## Exercise directions
From the entries below, copy every line where the string "Winter" appears.

## Excerpted records

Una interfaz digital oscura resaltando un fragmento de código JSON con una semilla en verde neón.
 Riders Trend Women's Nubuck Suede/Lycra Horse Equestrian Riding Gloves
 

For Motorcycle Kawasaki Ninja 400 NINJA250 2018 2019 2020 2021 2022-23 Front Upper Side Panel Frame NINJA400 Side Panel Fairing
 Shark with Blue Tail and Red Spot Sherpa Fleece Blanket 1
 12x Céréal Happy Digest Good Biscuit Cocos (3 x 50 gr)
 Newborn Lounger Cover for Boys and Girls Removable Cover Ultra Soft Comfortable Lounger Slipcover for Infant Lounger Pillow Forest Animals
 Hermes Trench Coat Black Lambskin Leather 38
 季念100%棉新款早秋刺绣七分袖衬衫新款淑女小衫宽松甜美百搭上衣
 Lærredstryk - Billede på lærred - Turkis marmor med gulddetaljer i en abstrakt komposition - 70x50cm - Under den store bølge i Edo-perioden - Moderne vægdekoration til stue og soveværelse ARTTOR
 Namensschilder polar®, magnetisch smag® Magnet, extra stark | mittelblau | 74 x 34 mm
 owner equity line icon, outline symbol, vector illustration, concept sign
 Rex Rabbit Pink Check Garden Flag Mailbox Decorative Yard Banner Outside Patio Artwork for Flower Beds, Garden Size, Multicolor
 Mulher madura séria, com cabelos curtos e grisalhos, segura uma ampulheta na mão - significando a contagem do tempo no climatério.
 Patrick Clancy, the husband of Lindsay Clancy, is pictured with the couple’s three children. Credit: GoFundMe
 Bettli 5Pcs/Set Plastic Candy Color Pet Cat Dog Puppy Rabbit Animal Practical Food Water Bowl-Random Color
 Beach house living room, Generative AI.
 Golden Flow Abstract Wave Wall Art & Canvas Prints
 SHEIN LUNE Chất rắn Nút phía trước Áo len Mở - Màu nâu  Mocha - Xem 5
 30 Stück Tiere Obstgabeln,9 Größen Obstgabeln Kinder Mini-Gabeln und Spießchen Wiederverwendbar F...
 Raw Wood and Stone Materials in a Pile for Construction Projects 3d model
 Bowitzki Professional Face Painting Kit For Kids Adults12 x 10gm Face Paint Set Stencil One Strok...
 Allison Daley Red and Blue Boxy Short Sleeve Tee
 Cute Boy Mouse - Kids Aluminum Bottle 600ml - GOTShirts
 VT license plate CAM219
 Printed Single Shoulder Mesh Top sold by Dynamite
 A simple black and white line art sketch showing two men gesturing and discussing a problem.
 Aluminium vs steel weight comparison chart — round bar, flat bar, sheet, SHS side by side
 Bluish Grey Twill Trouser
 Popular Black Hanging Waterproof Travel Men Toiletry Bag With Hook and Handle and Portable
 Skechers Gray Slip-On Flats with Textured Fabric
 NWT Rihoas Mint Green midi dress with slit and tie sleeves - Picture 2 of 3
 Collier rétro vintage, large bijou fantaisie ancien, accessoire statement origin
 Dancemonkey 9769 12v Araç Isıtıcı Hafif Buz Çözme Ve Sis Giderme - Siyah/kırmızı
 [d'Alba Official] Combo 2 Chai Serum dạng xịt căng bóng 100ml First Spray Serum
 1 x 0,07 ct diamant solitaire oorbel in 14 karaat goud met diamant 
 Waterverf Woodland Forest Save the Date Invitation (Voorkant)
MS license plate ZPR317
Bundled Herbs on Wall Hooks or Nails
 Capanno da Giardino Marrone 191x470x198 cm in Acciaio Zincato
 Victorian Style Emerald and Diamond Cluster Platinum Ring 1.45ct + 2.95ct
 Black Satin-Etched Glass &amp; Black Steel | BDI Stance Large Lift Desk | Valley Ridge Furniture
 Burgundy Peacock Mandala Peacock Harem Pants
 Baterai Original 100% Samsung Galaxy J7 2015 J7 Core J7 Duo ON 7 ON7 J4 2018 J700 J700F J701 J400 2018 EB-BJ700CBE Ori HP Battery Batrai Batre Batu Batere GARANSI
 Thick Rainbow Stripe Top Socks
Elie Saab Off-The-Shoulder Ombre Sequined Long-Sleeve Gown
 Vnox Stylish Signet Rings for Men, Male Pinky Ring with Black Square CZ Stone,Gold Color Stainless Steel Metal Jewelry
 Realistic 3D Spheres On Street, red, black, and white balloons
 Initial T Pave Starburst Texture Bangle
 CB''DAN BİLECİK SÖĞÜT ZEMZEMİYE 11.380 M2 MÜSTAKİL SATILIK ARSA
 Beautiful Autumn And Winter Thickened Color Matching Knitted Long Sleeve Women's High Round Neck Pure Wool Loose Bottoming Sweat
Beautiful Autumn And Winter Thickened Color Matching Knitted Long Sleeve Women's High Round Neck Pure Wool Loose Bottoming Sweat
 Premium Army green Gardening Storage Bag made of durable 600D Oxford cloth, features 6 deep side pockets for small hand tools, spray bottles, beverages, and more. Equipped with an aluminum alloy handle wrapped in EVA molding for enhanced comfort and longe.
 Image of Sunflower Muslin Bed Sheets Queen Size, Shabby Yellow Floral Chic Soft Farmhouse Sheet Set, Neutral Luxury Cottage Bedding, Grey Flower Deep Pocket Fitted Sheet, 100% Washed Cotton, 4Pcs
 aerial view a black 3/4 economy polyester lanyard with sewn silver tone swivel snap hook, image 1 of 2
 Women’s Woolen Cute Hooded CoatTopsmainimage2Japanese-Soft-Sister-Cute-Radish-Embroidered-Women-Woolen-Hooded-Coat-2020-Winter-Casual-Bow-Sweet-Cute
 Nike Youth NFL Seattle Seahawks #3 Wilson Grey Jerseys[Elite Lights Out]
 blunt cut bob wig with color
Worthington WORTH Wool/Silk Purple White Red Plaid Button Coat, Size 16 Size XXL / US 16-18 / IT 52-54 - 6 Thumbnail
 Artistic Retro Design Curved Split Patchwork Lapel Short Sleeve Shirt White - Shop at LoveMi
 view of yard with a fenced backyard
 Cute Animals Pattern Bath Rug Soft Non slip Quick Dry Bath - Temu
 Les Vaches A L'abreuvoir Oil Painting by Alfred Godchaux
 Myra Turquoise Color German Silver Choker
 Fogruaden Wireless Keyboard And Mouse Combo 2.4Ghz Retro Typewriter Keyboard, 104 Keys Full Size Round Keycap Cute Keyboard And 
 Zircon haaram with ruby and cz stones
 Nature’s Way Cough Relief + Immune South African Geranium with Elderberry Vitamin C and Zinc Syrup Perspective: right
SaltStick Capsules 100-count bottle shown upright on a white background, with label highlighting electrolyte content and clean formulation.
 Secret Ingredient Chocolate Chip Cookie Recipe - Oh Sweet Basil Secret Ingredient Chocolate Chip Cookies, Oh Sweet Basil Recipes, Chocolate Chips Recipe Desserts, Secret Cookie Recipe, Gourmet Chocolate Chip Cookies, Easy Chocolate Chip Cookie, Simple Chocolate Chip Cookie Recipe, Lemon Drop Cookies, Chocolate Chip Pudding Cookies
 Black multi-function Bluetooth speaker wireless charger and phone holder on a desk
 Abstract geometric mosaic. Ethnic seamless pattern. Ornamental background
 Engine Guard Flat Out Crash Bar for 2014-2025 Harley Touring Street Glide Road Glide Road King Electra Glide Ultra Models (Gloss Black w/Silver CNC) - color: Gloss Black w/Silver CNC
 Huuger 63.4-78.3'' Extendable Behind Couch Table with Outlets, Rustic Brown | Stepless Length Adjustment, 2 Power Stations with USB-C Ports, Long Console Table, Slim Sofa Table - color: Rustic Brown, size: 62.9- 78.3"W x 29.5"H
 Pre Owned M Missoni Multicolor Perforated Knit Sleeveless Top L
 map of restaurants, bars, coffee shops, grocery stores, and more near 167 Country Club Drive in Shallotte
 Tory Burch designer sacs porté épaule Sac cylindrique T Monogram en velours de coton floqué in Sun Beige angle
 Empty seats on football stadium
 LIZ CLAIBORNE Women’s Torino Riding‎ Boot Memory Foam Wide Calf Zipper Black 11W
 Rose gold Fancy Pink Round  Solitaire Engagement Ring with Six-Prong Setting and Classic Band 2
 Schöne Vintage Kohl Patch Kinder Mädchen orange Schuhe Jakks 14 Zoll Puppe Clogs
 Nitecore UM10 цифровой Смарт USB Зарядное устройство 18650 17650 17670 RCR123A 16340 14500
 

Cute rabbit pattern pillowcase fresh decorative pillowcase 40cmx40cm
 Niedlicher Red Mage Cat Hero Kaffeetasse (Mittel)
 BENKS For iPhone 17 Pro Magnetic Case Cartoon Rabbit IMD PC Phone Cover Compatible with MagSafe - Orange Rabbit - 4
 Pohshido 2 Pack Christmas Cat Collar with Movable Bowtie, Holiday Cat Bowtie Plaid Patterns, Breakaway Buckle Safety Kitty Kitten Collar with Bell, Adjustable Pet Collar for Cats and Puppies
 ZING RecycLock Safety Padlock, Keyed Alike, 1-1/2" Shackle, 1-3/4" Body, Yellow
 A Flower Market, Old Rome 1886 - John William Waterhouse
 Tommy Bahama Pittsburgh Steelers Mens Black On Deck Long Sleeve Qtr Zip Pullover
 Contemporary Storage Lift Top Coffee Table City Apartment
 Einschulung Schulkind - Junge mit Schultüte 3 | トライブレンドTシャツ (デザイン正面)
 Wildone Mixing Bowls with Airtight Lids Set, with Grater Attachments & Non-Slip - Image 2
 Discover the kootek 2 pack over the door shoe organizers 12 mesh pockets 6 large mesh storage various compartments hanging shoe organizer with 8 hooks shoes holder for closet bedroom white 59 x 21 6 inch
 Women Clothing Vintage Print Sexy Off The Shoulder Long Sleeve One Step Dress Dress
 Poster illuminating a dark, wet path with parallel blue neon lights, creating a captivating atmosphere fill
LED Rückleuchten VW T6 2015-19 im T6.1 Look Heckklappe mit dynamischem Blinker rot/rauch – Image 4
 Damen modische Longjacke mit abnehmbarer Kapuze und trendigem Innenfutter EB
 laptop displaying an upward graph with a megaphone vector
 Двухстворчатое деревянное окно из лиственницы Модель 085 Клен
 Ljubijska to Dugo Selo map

## Response below
 Beautiful Autumn And Winter Thickened Color Matching Knitted Long Sleeve Women's High Round Neck Pure Wool Loose Bottoming Sweat
Beautiful Autumn And Winter Thickened Color Matching Knitted Long Sleeve Women's High Round Neck Pure Wool Loose Bottoming Sweat
 Women’s Woolen Cute Hooded CoatTopsmainimage2Japanese-Soft-Sister-Cute-Radish-Embroidered-Women-Woolen-Hooded-Coat-2020-Winter-Casual-Bow-Sweet-Cute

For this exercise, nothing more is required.